One of the greatest advantages of globalization is how easy it has made it for us to understand, appreciate, and connect with different cultures. You can find districts and centers in big cities that are allocated to celebrating other cultures, be it China Town, Korea Town, and so on. One of the best ways you can learn about a culture is to eat their food because the food will always give you the full story.
We are all privileged enough to be able to go out and find any kind of restaurant you need, be it an Indian restaurant, a Malay spot, a Korean BBQ place, etc. A lot of us have been able to try different kinds of cuisines this way, so if you are currently looking for the next new cuisine to try out, then Vietnamese is the way to go.
If you have tried Thai food or happen to like Far East Asian flavors more in general, then the Vietnamese diet might be something for you to appreciate as well. Vietnamese food is a lot like Thai food in the sense that the same ingredients can be found in both cuisines, but the way they are used and taste, in the end, are vastly different.

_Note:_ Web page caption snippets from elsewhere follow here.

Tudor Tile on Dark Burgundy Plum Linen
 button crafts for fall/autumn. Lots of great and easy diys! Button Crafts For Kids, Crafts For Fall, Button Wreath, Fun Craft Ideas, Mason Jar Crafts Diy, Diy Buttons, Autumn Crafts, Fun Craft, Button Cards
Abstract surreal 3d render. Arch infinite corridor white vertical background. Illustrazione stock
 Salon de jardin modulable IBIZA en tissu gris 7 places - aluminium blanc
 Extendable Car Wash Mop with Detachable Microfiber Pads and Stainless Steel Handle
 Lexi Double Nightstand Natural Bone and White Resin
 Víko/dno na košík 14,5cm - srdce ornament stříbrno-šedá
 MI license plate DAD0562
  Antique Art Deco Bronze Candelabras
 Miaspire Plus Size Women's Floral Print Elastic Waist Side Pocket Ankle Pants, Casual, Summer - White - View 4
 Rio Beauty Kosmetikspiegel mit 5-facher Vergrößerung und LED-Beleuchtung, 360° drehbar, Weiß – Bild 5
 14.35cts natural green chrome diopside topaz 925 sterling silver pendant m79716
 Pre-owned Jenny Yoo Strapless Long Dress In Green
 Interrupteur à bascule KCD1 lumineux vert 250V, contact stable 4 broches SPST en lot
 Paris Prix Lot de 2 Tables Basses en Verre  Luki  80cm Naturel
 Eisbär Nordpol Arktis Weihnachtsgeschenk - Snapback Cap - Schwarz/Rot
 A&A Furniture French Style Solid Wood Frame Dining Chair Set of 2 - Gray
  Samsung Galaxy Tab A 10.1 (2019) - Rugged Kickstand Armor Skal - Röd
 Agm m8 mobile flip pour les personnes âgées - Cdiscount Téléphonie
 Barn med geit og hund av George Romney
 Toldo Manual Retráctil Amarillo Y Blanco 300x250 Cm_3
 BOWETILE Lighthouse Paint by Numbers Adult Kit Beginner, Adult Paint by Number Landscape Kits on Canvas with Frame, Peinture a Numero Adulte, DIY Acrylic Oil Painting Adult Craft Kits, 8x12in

One of the Mother sauces in Vietnamese food happens to be fish sauce. Now, fish sauce does not sound appealing at first, but we can assure you that you do not get an overwhelming fishy essence that you might be assuming it does. Fish sauce has a delicate, umami flavor profile that can give a very full-bodied feel to otherwise delicate food. Fresh herbs and vegetables like basil, bean sprouts, and chilies, etc. are also used in many Vietnamese dishes.
You will find a bit of French influence when it comes to Vietnamese food, especially if you look into the sandwiches like the Banh Mi, which utilizes a baguette, but at the same time, the pork sandwich also uses a mix of pickled vegetables, making for a delicious treat. One of the greatest things about Vietnamese food is that everything is very well-balanced and healthy. Their food is not overwhelmingly spicy, nor is it heavy. Their diet consists mostly of meat, soups, rice noodles, and other simple meals. This is quite the contrast when you compare their flavors to the kind you would find in Thai food which is a lot more robust, rich, and flavor-forward.
The fact that Vietnamese food is so light is part of the reason why you should give it a shot. Apart from that, another important aspect of Vietnamese food culture is coffee. The Vietnamese are very big on coffee and you will find different variations of coffee being consumed throughout the country, but if you want to keep things simple, you can just try out the plain Vietnamese coffee. This is a concentrated coffee that is sweetened with condensed milk, making for a rich drink that can be consumed both cold and hot depending on your preference.